L’apprentissage de la cuisine à la maison
Assez logiquement, cet engouement pour le fait maison ne s’arrête pas à la porte des restaurants, et entre aussi… à la maison. Les Français sont en effet de grands amateurs de cuisine : selon la 9e vague de l’Observatoire de la vie quotidienne des Français BVA-La Dépêche-Foncia, réalisée à l’occasion de l’édition 2017 de la fête de la gastronomie, 68% des Français apprécient faire la cuisine. Ils sont 63% à cultiver chez eux des fruits, légumes ou herbes aromatiques, et 88% ont déjà mangé des produits bio. La tendance « Do It Yourself », très forte dans la déco notamment, s’observe aussi dans la cuisine : à coups de vidéos en ligne, de sites de recettes et de cours de cuisine, on apprend à faire soi-même des plats de A à Z.
Si seulement un Français sur dix a déjà pris des cours de cuisine, toujours selon le même sondage, 31% aimeraient bien en prendre, et 73% pensent qu’il serait une bonne idée d’enseigner la cuisine à l’école. Depuis le milieu des années 2000, le succès des cours ne se dément d’ailleurs pas. L’Atelier des chefs, lancé en 2004 par les frères Nicolas et François Bergerault avec l’ambition de « remettre les Français aux fourneaux », en est un bon exemple : l’entreprise dispose aujourd’hui d’un réseau de 16 ateliers où 200 000 apprentis chefs viennent se former chaque année. En 2017, sa première promotion de i-Chefs, qui a suivi des cours intégralement en ligne, a obtenu son CAP cuisine.

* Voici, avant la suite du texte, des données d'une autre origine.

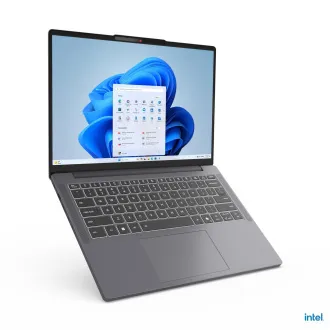 Lenovo IdeaPad Slim 3/14IRH10/i5-13420H/14"/WUXGA/16GB/512GB/Intel int/W11H/Gray/2R Lenovo IdeaPad Slim 3/14IRH10/i5-13420H/14"/WUXGA/16GB/512GB/Intel int/W11H/Gray/2R
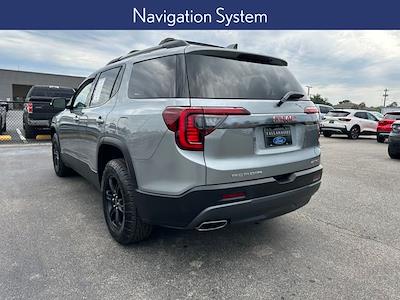 2023 GMC Acadia AWD SUV for sale #B24196A - photo 2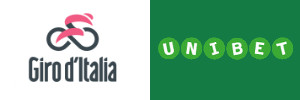Cycling Benefits from Renewed Unibet Deal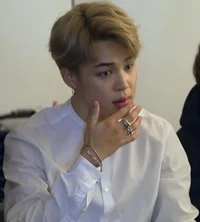 Jimin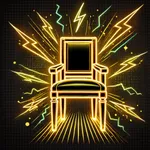 電気椅子取りゲーム（ElectricChairGame） icon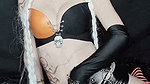 Liensue Onlyfans video collection – 110
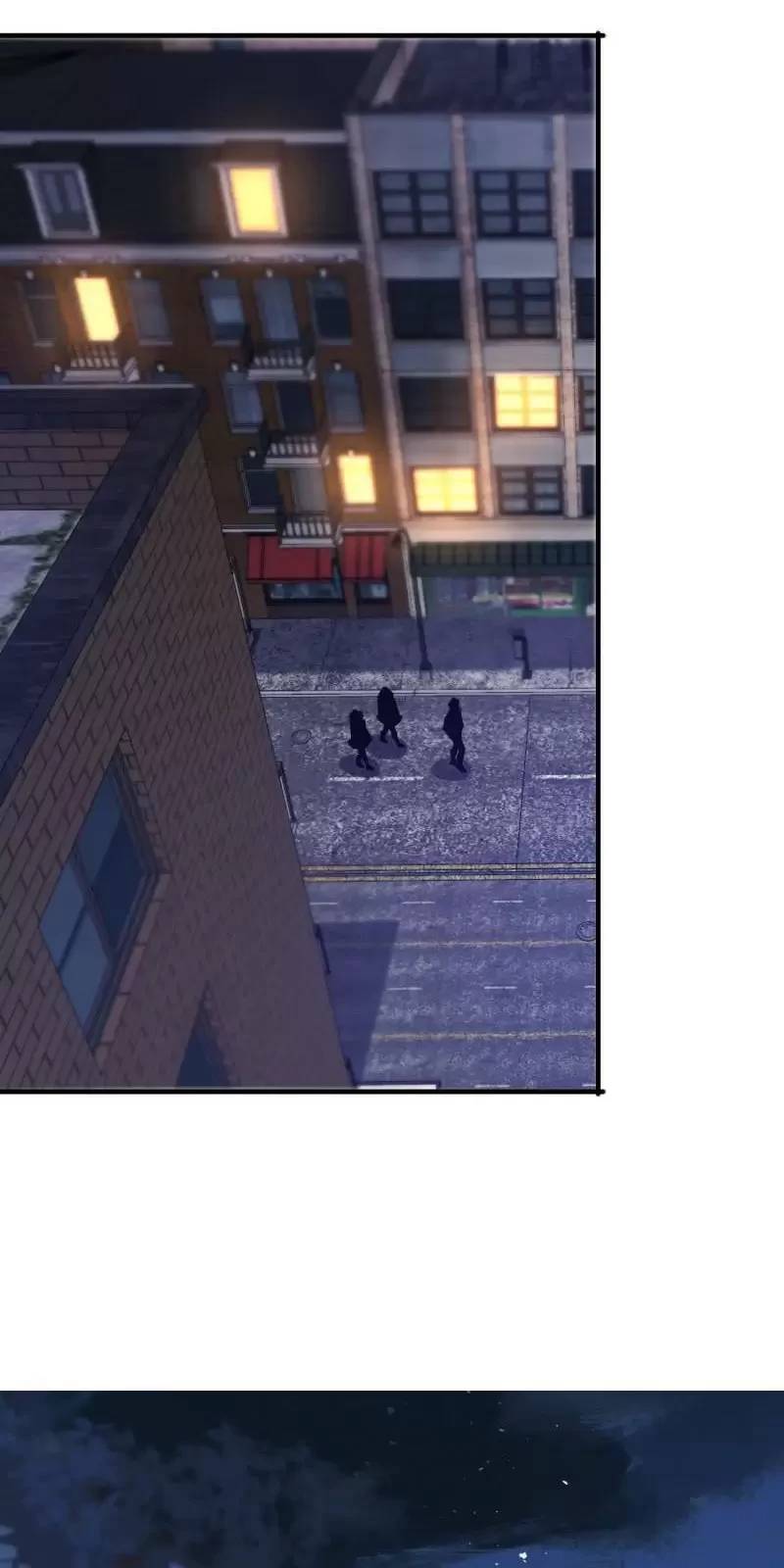 Đệ Nhất Danh Sách - Chapter 404 - Page 59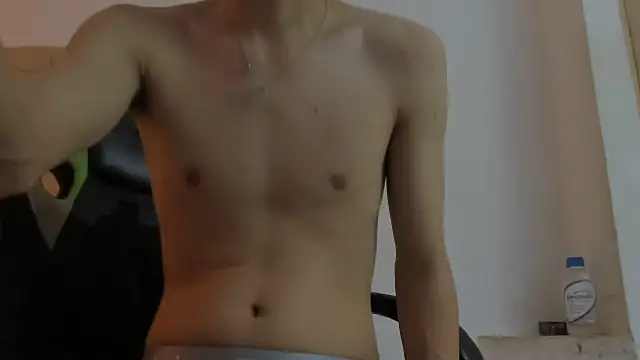 Snapshot of Darkknightx01 chatting on 11/28/25, 03:09 Darkknightx01 online show from 11/28/25, 03:09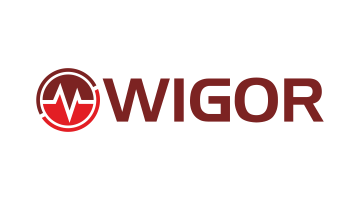 wigor.com is for sale
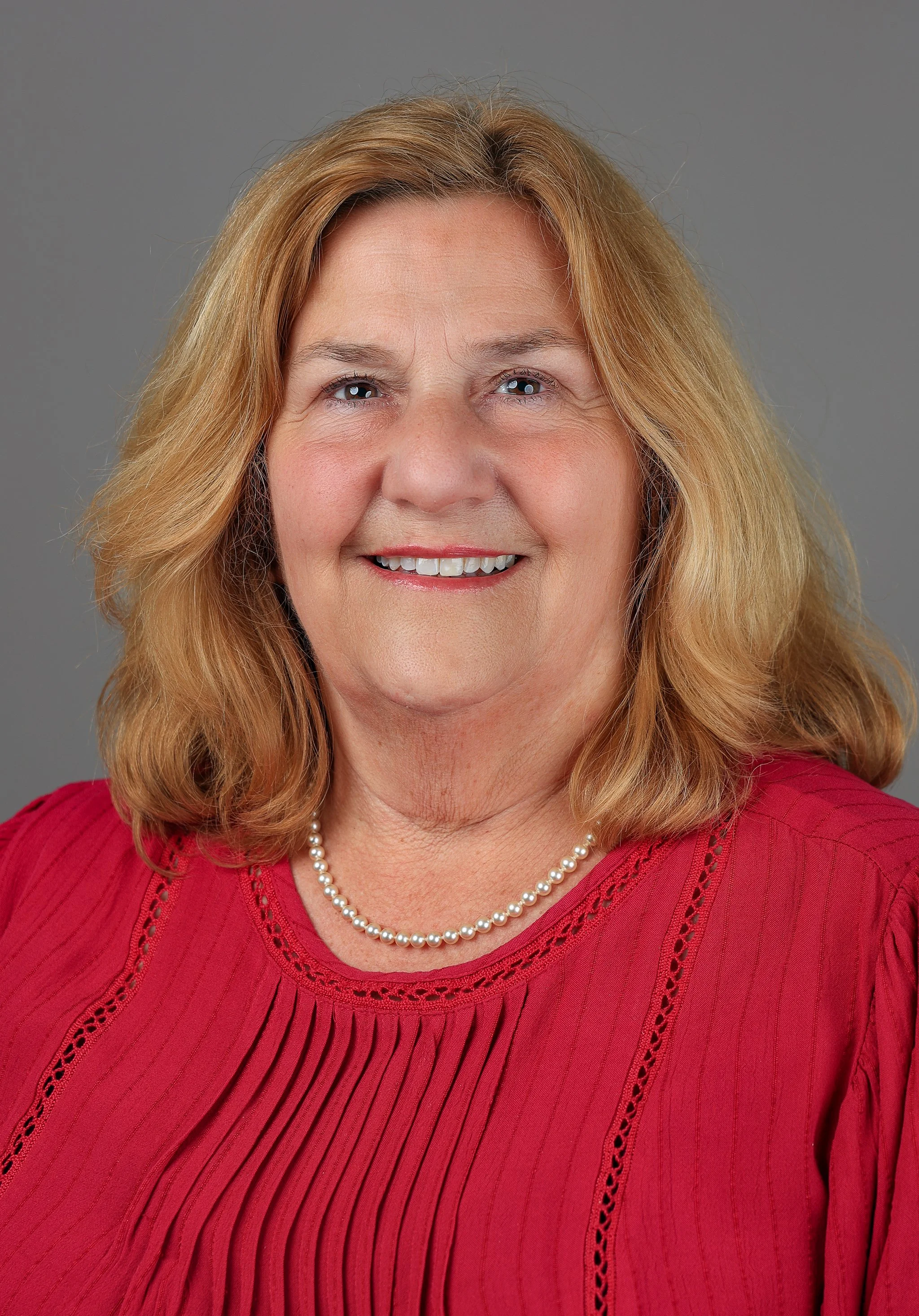 C.H.E headshots-117.jpeg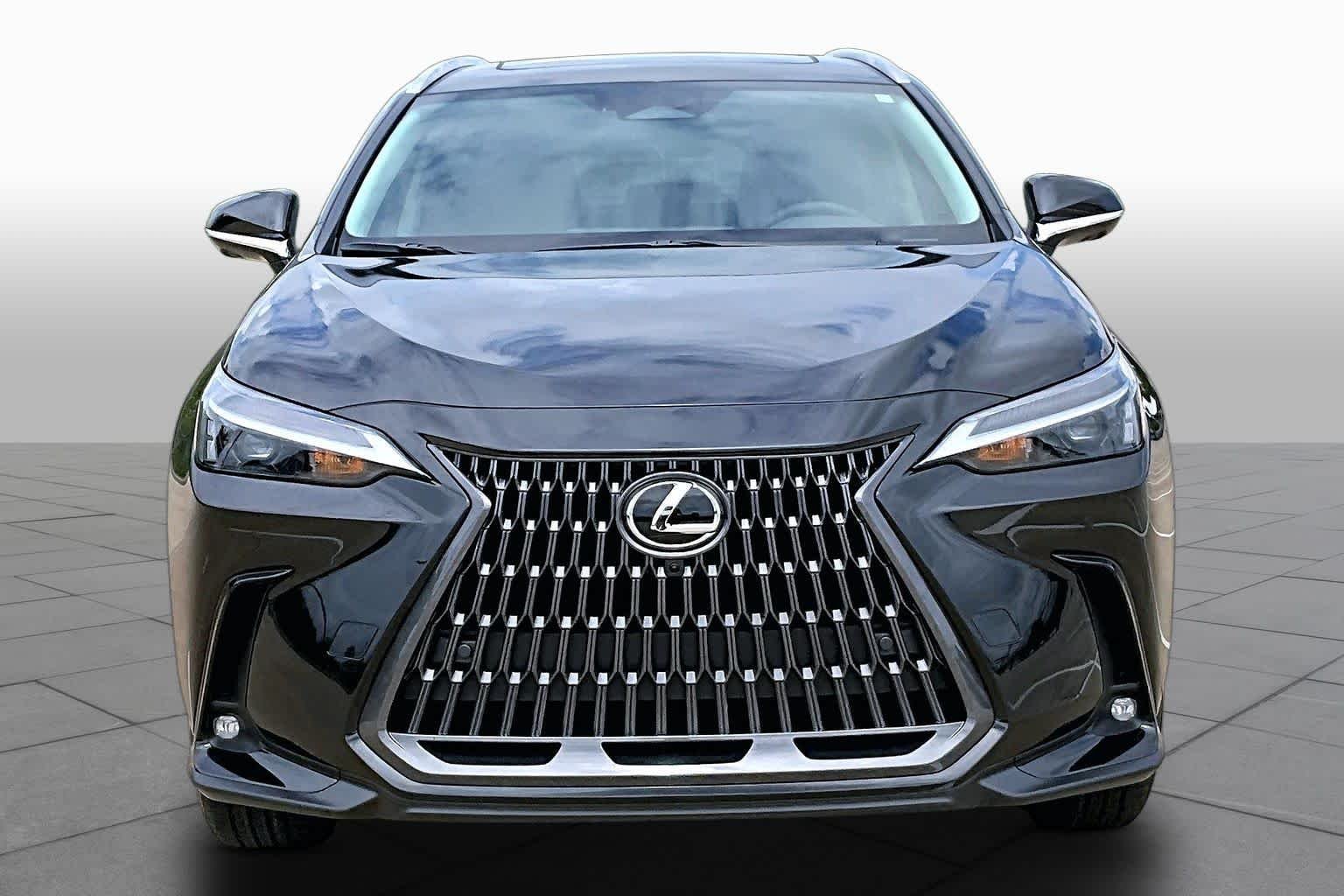 car-gallery-3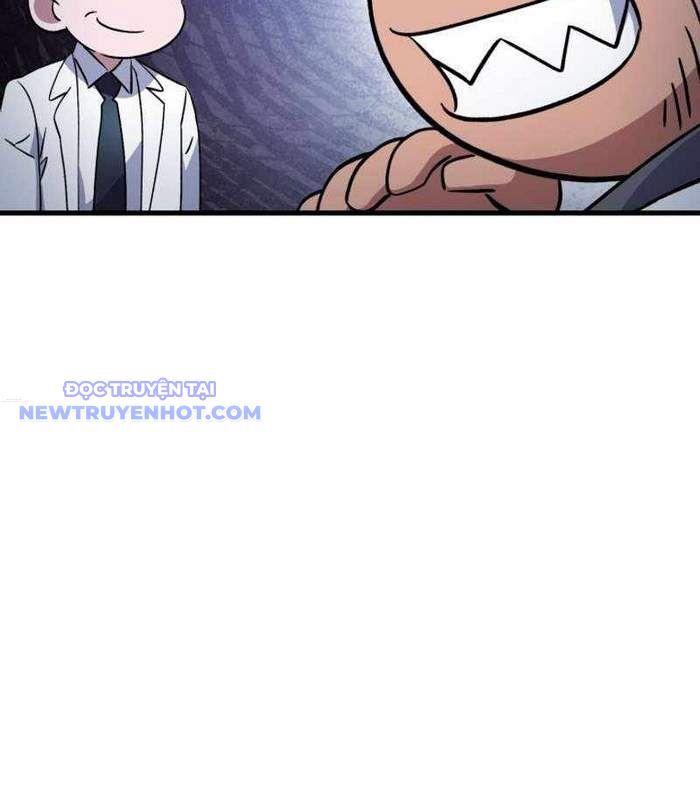 Tuyệt Đỉnh Bác Sĩ Chapter 21 - Trang 2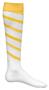 Red Lion Cyclone Athletic Socks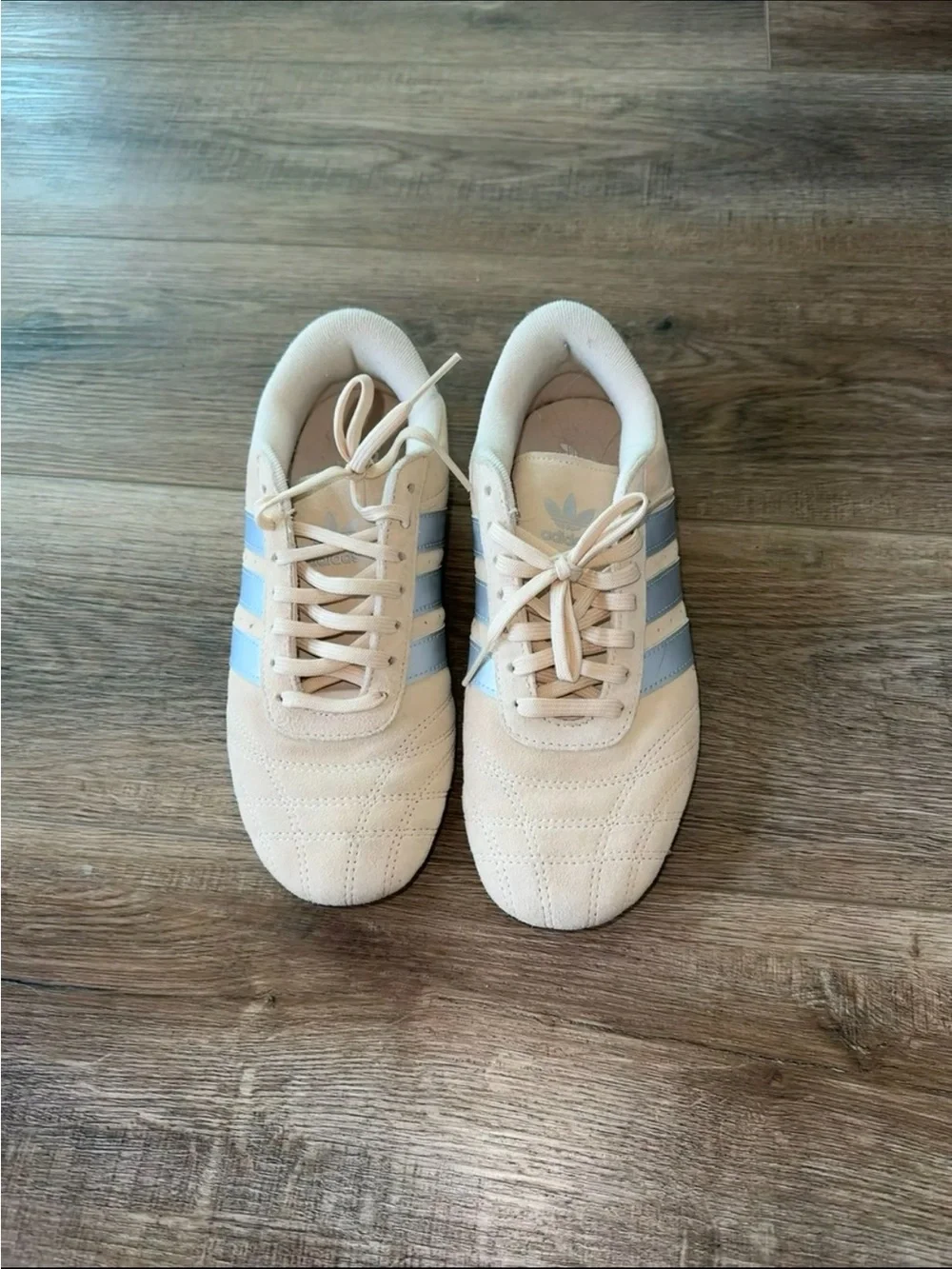 adidas originals taekwondo
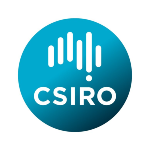 Australia’s National Science Agency
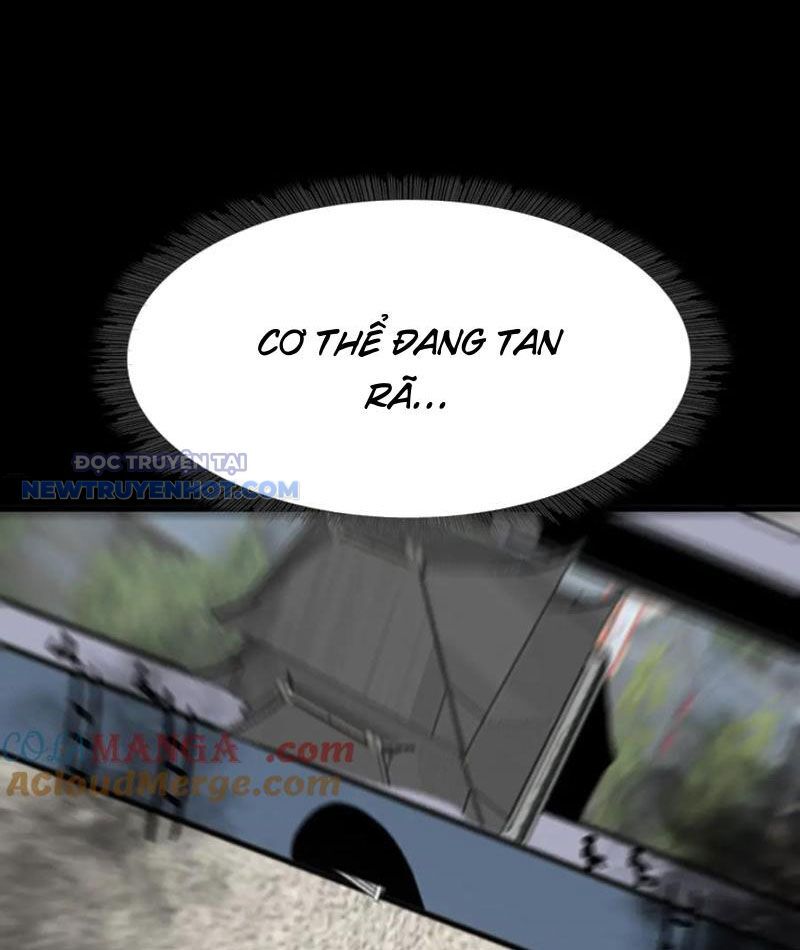 Học Viện Chiến Giáp Chapter 24 - TC Truyện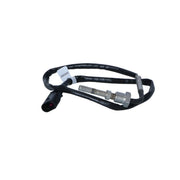 NRF Exhaust Gas Temperature Sensor before catalytic 707128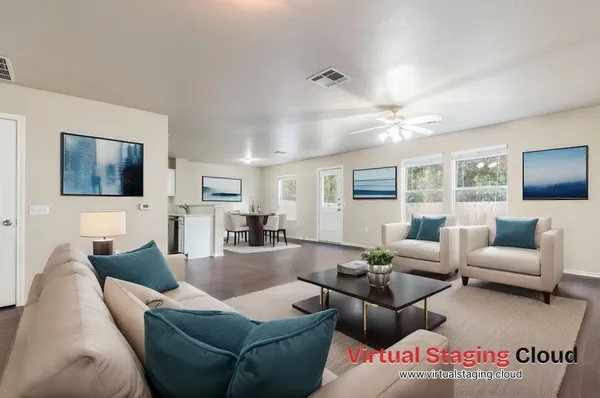 $2,125 | 8712 Dittmar Oaks Drive, Austin, TX 78748
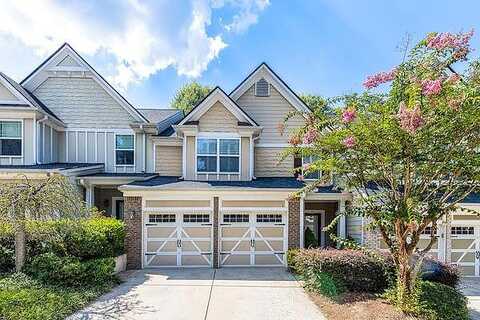 Oakview, CANTON, GA 30114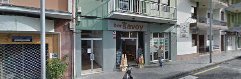 Fotografía de Bar Savoy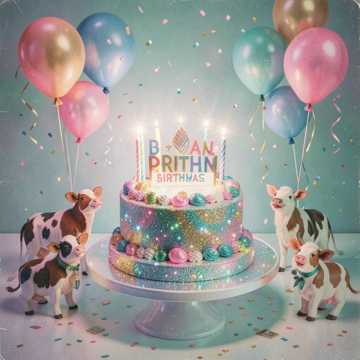 Bitlo.ru - Bitlo.ru С днем рождения Алла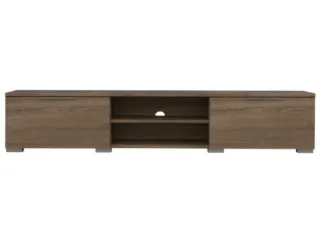 Mueble TV Madera.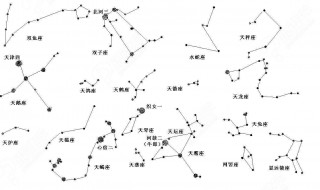 天蝎座为什么和双鱼座绝配 一个爱傲娇,一个爱撒娇
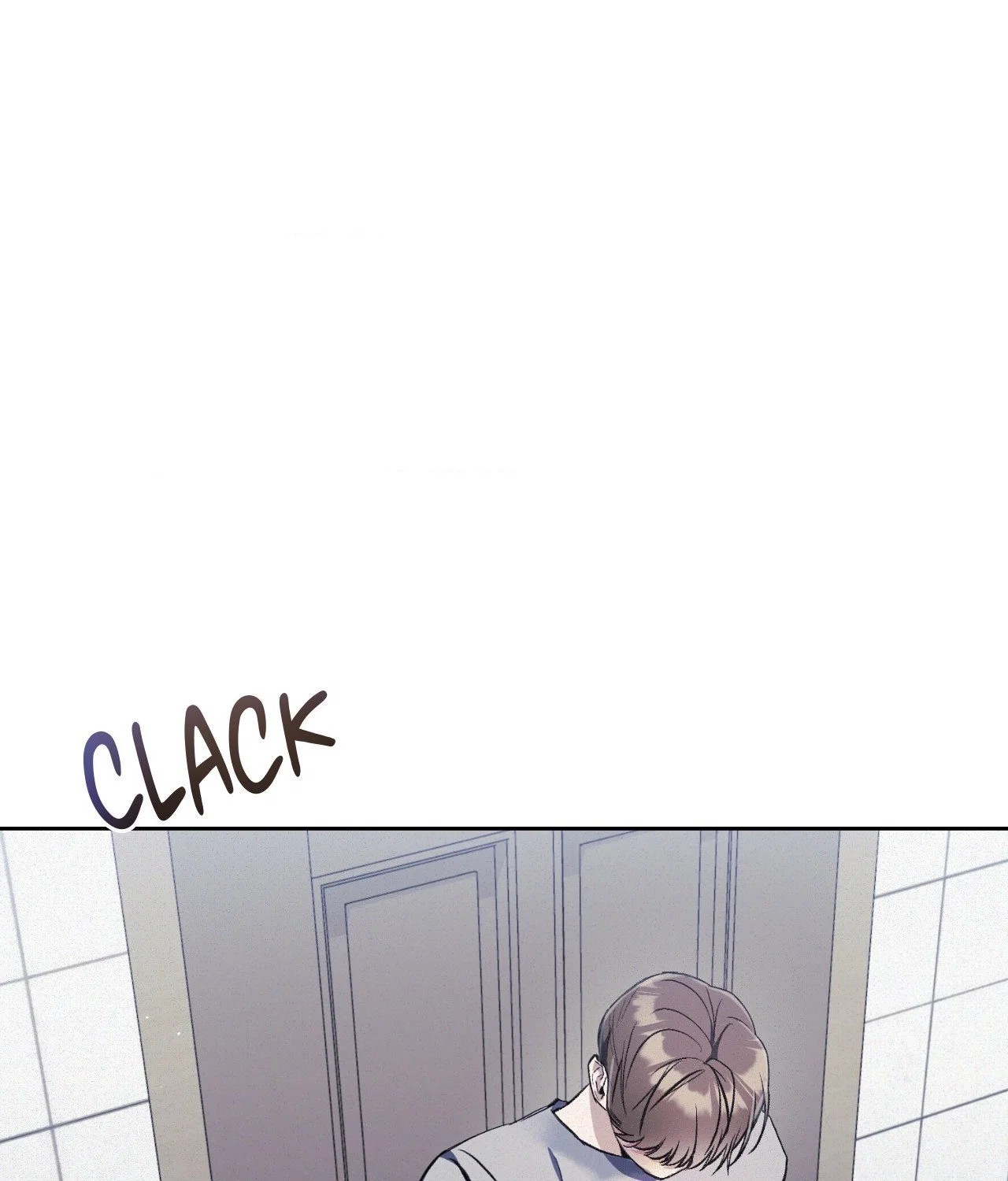 Formless Chapter 4 - Page 49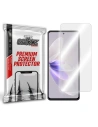 Sticlă hibridă GrizzGlass HybridGlass pentru Vivo S16e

Retrouver le contrôle… et le plaisir
Ces dernières années, des scandales sanitaires à répétition ont également mis en lumière le fait que nous étions devenus complètement déconnectés de ce que nous mangions. Mais comme à toute chose malheur est bon, ils ont aussi changé nos habitudes alimentaires : 24% des personnes interrogées par BVA-La Dépêche-Foncia ont ainsi abandonné pour de bon certaines de leurs habitudes, et 29% les ont modifiées au moins temporairement. Dans ce contexte, le fait maison apparaît comme un moyen de reprendre le contrôle et de se prémunir contre les mauvaises surprises. Mais c’est aussi une manière de revenir aux fondamentaux de la cuisine : le plaisir et le partage.
Comme l’explique Nicolas Bergerault à Challenges, « la cuisine n’est plus une corvée ménagère mais un élément de valorisation ». Au-delà de l’envie de maîtriser ce que l’on mange, il y a une vraie satisfaction à imaginer ses recettes, choisir ses produits, se mettre aux fourneaux… et pouvoir dire à ses amis : « c’est fait maison ».